* PROBLEM STATEMENT: Print the listing exactly as it stands. Skip every picture.

* DATA SECTION:
■ ■ ■ ■

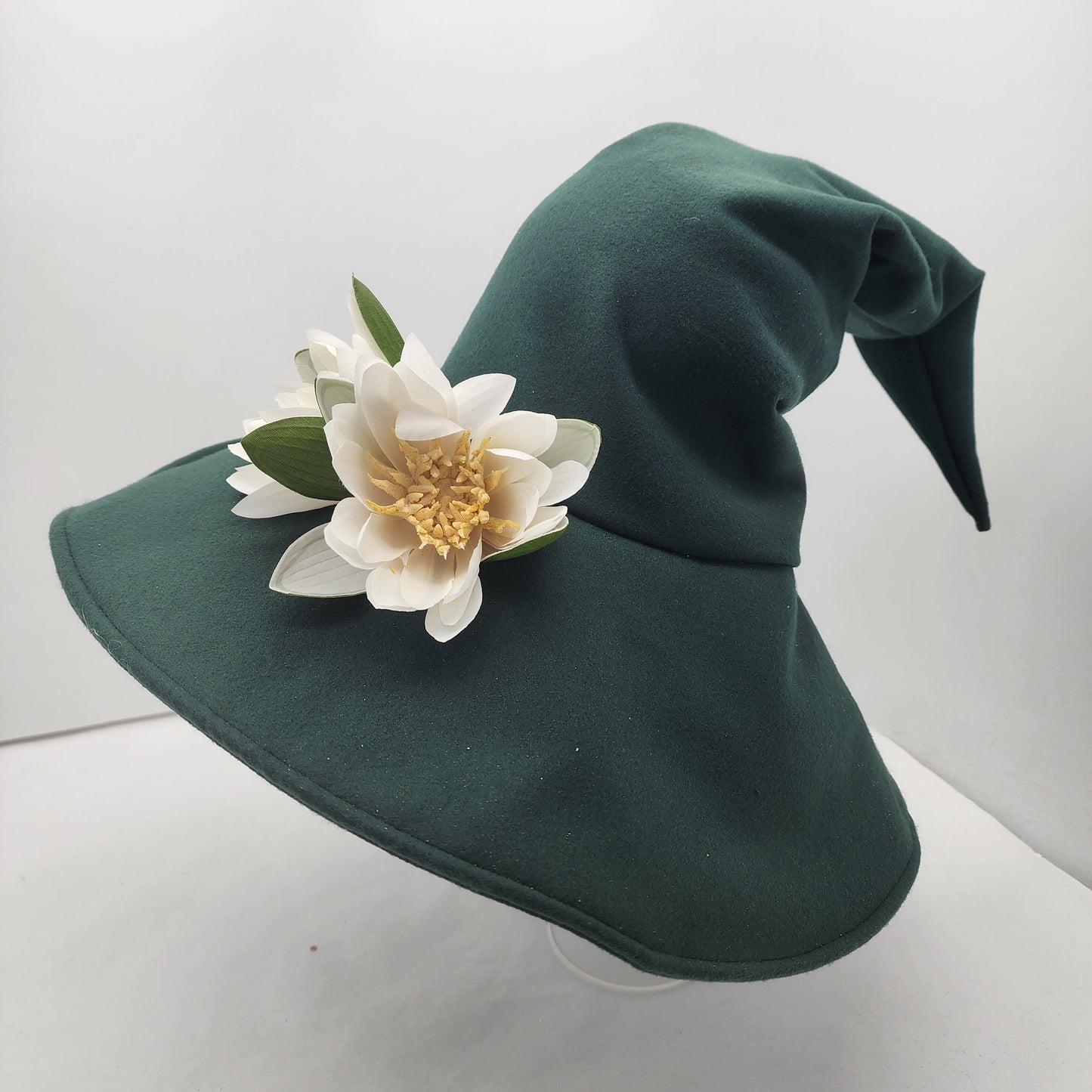 Lilypad wizard hat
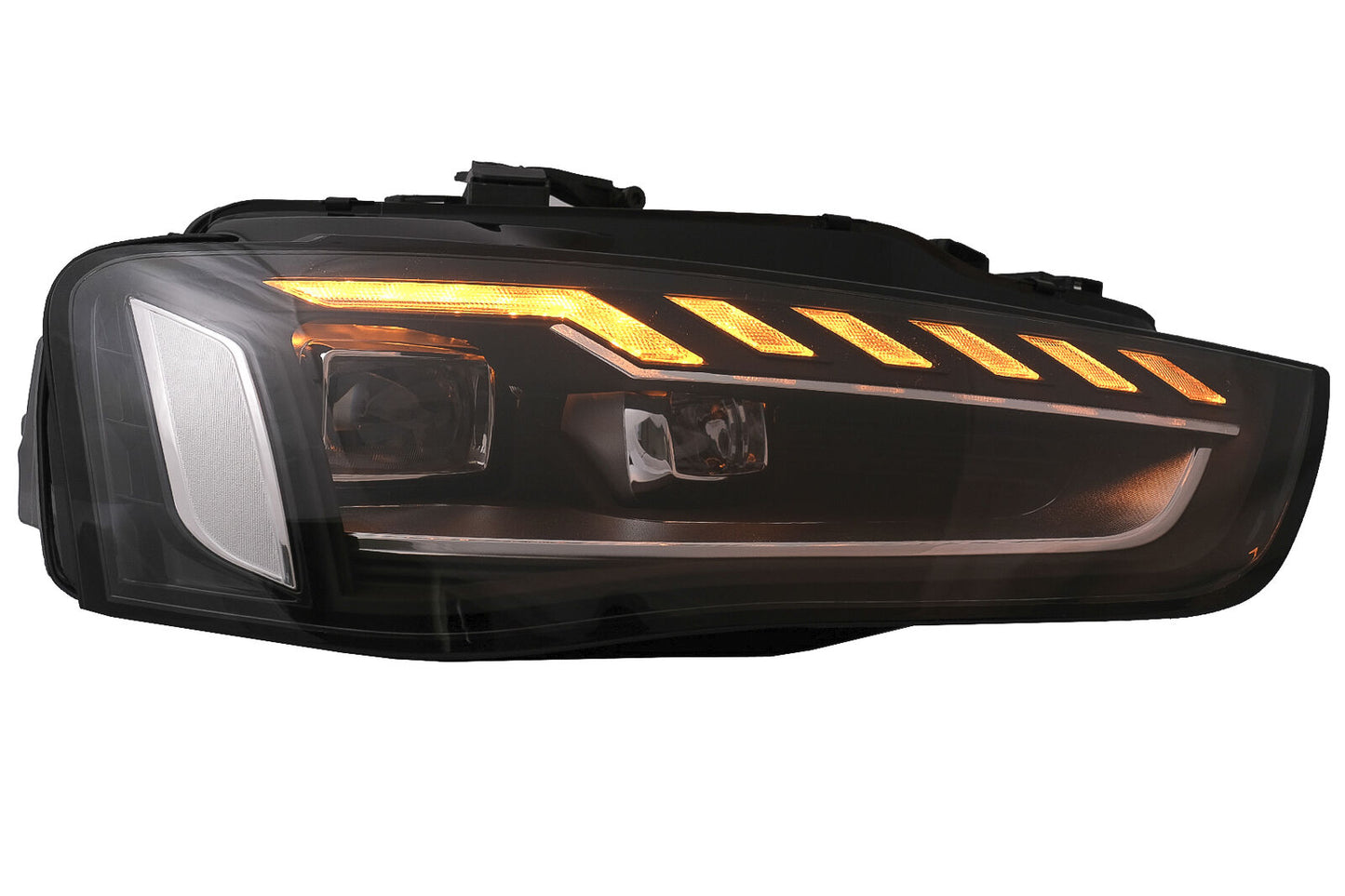 Full LED Fari per Audi A4 B8.5 Facelift 2012-2015 Dinamico Nero A4 B9.5 Look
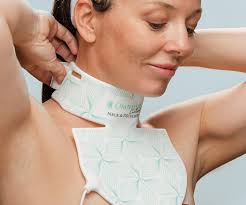 Omnilux Contour Neck Décolleté LED Mask + Bonus Ampoules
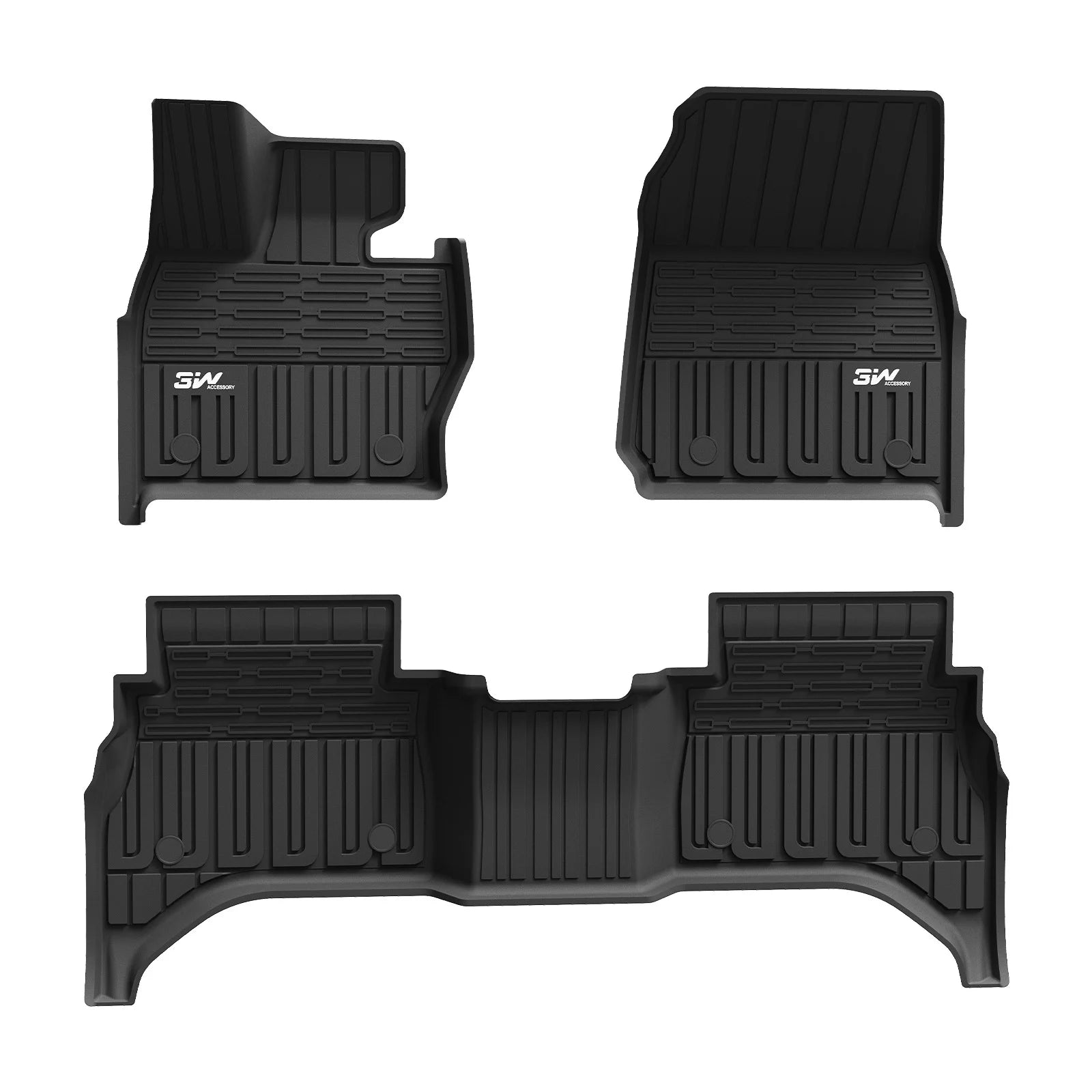 3W All Weather For Car Mats For Range Rover L460 2023-2024 LHD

■ ■ ■ ■

* TASK SOLUTION:
 Lilypad wizard hat
 Full LED Fari per Audi A4 B8.5 Facelift 2012-2015 Dinamico Nero A4 B9.5 Look
 Omnilux Contour Neck Décolleté LED Mask + Bonus Ampoules
 3W All Weather For Car Mats For Range Rover L460 2023-2024 LHD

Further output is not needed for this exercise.